A repost of one of my entries in the past year, to mark the first year of this weblog. First posted in January 2010.
A million years ago in a hospital way up north.
A snowstorm. Evening, and two snowmobiles, racing across a frozen lake. One slams into an exposed rockface.
Our first warning is a call from the OPP, a heads up. Accident, paramedics on scene, severe trauma, unresponsive. No whys or wherefores.
So we wait. My first, Rosie jokes deadpan, but it’s mine. I’m nervous, but my exterior is insouciant. I pretend we won’t be holding this patient’s life in our hands. If I think about the reality, I’m afraid I will lose it. I pretend I’ve done this before. I pretend, no sweat, I can do this. This is how emergency nurses are supposed to be. I’ve been socialized well.
We prime lines, ready boluses of crystalloids, hang blood tubing, dust off the fluid warmer, look for the Pentaspan, alert xray: a trauma is coming. The chaplain wanders through. Charge asks him to hang out for a while, just in case.
The EMS patches. Twenty minutes out. Police escort down slippery back roads. Twenty-seven year-old male. No history. GCS of 3, intubated, boarded and collared, large bore IV started.
Then EMS arrives and suddenly the entire department is in the Trauma Room. Chaos, yet not chaos, care orchestrated complexly like a ballet, every move an iteration of Airway, Breathing, Circulation Disability, every treatment and diagnostic a search for stability.
Cardiac monitor. Assisted respiration. Lung auscultation. Another large bore IV, foley catheter, logroll the patient, I support the head — “On my count”, I say, then after stat shoot-throughs, portable chest films, pupils fixed, dilated, chest tubes, blood running through the fluid warmer, nasogastric tube, a tube in every hole, the saying goes, bloody dressings on the floor from a bleeding scalp wound, empty bags of saline count, one, two, three litres in. Hypotension. Heart rate at first rapid, compensating, now slowing.
Then the films. The doc looks at them and sighs. Shakes head. C1 fracture and dislocation. The spinal cord has been severed where it meets the brain, snapped clean like a dry stick by the force of the impact. There is nothing more. He’s dead. His body, his heart and lungs, strong and young and athletic, are receiving no signals from the brain. They just don’t know it yet.
He goes out to talk to the wife. Out of rote, we watch the cardiac monitor, sinus rhythm, watch his blood pressure begin to drop, his heart rate in slow decline.
His wife comes in. The charge holds her up. She says little. Her face is taut and pale, a declension of grief now and to come. No tears. Later, maybe, I think. She takes his hand and speaks softly to him. We can’t hear her words.
As she holds his hand, his heart slows more, the rhythm becomes idioventricular, irregular, then slows more again and at last, stops. One agonal breath. It’s over.

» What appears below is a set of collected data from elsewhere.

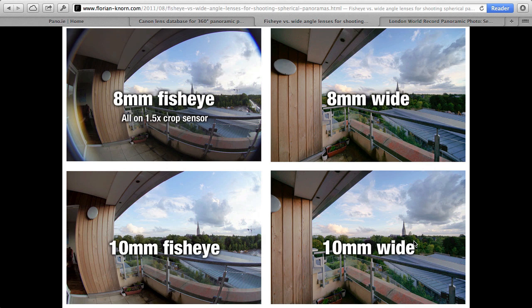That's pretty much all I wanted to say today. The short answer is yes, you can make 360 by 180 panoramas with any lens and any camera. It's just a question of how many images you need. If you need to take more than six images or so, you really would want to use a panoramic tripod head, otherwise you're going to have stitching problems. Less images is not only quicker to work with, but also has less potential for error. That's why I personally really like using a 10mm or 8mm fisheye lens for my panorama work.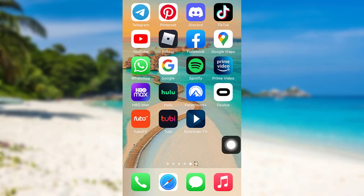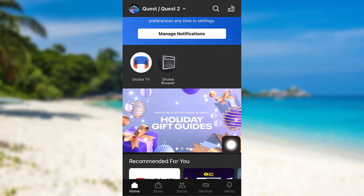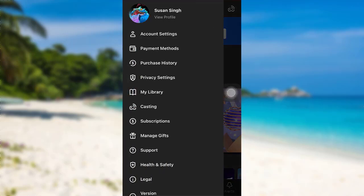First of all, open the app Oculus and after that, tap on the profile icon at the top left corner of the screen.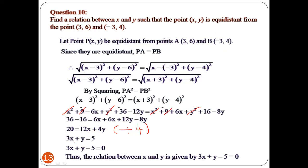Dividing the whole equation by 4 gives 3x + y = 5. This is the required relation between x and y, written in standard form for a linear equation in two variables.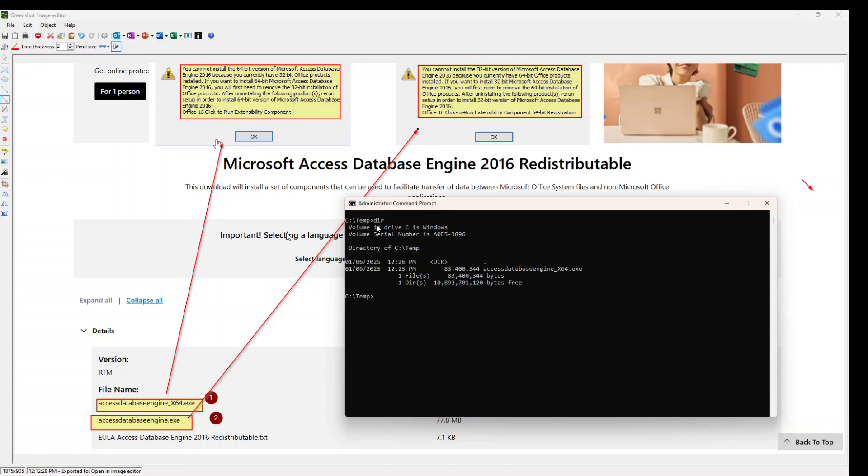You just type the name of the file. At the end, you just type /quiet, backslash and quiet, and you just press enter.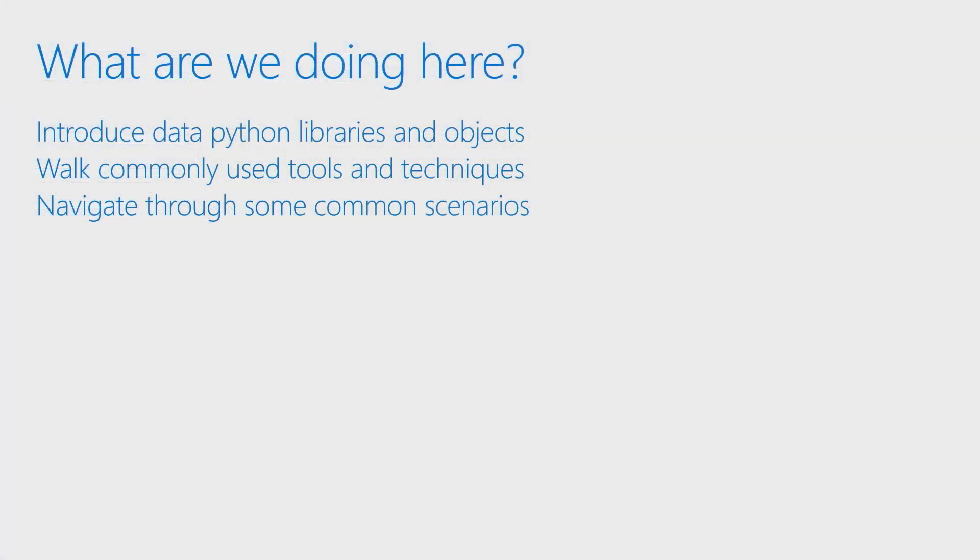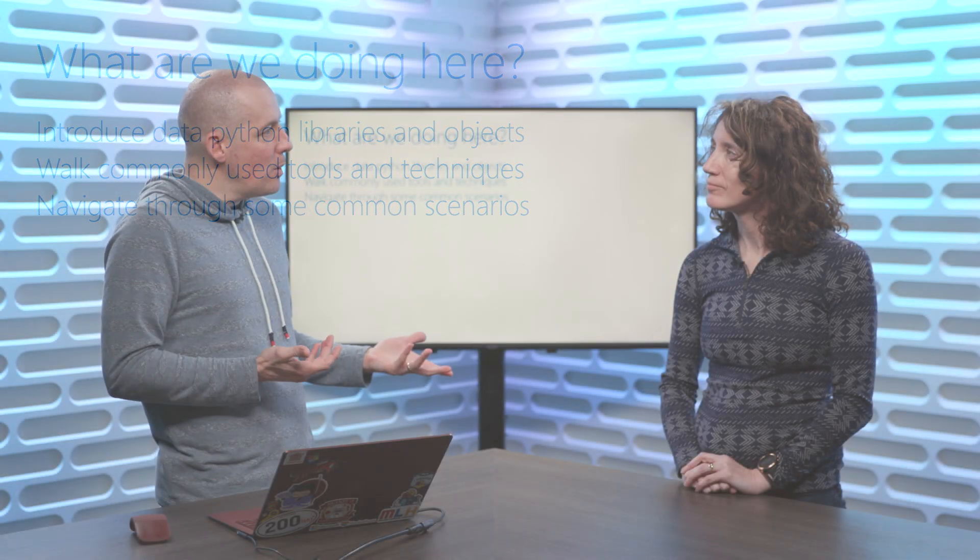That's really what we're going to be doing here - introducing those libraries, walking you through some common tools and techniques, and navigating through some common scenarios. We'll be doing this by walking through basic scenarios, and you'll notice there's a common thread throughout these modules, where concepts will build on the ones prior.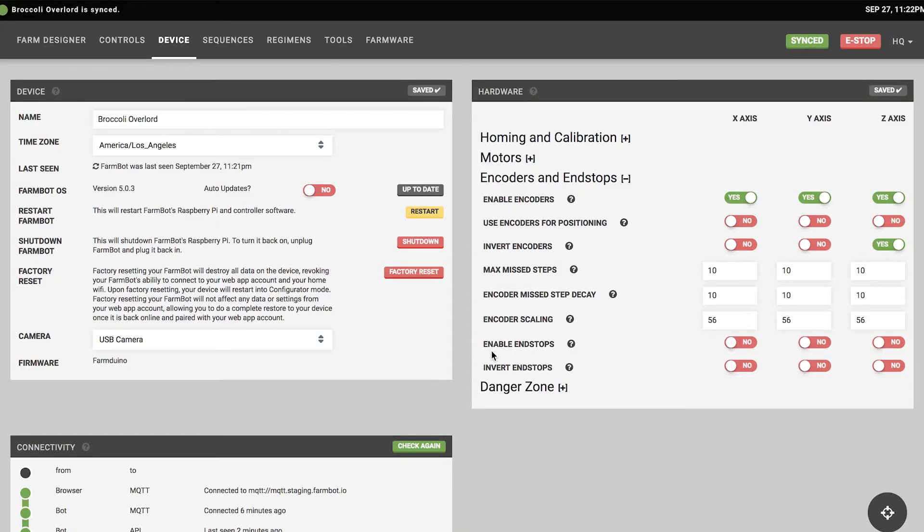You can read more detailed descriptions of all these parameters at software.farmbot.io. Lastly, there are toggle switches for end stops, which would be used if you're building your own FarmBot or want to add end stops to our kits for added functionality — you can enable, disable, or invert them.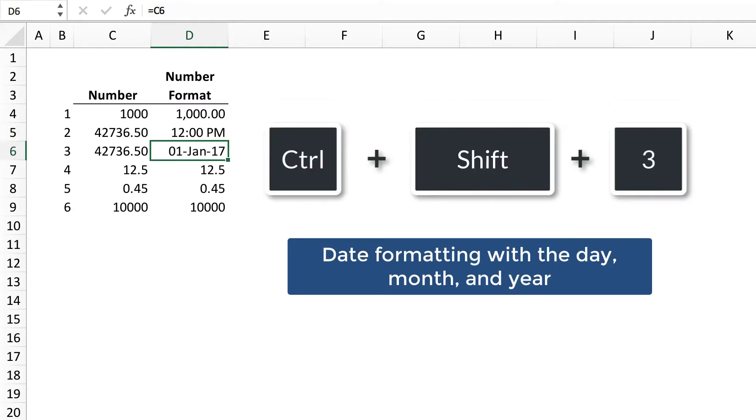Control-Shift-3 applies date formatting with the day, month, and year.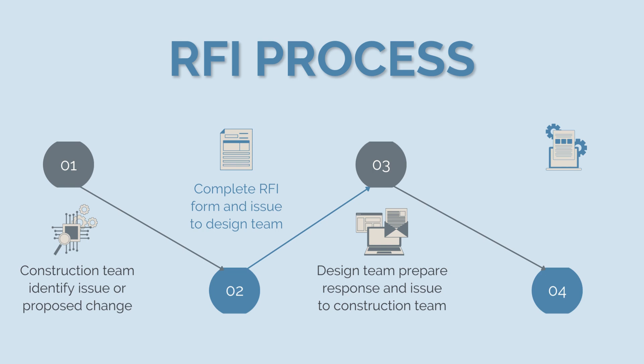There may be some back and forth in this stage depending on whether or not the construction team is happy with the response. In some instances, they may not believe the response is correct or it is still missing information.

(And later, I reflect, and still ask myself now, when did death take him? When he struck his head against the cold lakeside granite? Was there any remnant of consciousness, when we worked on him so frantically? Having watched scores of deaths, why do I still wonder?)
After, we hear the story. She told Charge, dry-eyed, while waiting to speak to the doc. A lesson: there always is a story. Married three months. Pregnant. A fight. He and the boys liked to snowmobile. A lot. She didn’t want him going out on the lake, in the dark, in a snowstorm. She thought his friends were assholes. She told him not to come back that night. I hate you, she said. His back disappearing into the dark, snow closing behind him.
After, we prepare the body for the morgue. I’m breathing again. Rosie closes the door and we crack wise darkly. Another ritual. We tie off IV tubes, leave the other tubes in place. Nothing can be removed until the coroner has examined the body. Plastic crinkles as we heave the bagged body on the morgue cart.
We collect up the torn and shredded clothing, meaning to return them to the family and then this happens: pieces of brown glass fall out of the left pocket of his heavy brown coat. We look in the other pocket, and find a bottle beer, whole and uncapped.
Rosie quickly scoops up the tinkling pieces of glass from the floor, and throws them with the beer bottle into the trash.
The porter comes for the body, to take it to the morgue.
I am callow and green.
We need to report this, I say.
Rosie smiles. No, she says. What’s the point? He’s dead. Knowing won’t help anyone, now. Not him. Not his wife either. Why add to her grief?
There is no answer, just the creak of the morgue cart as the porter pushes it out of the department.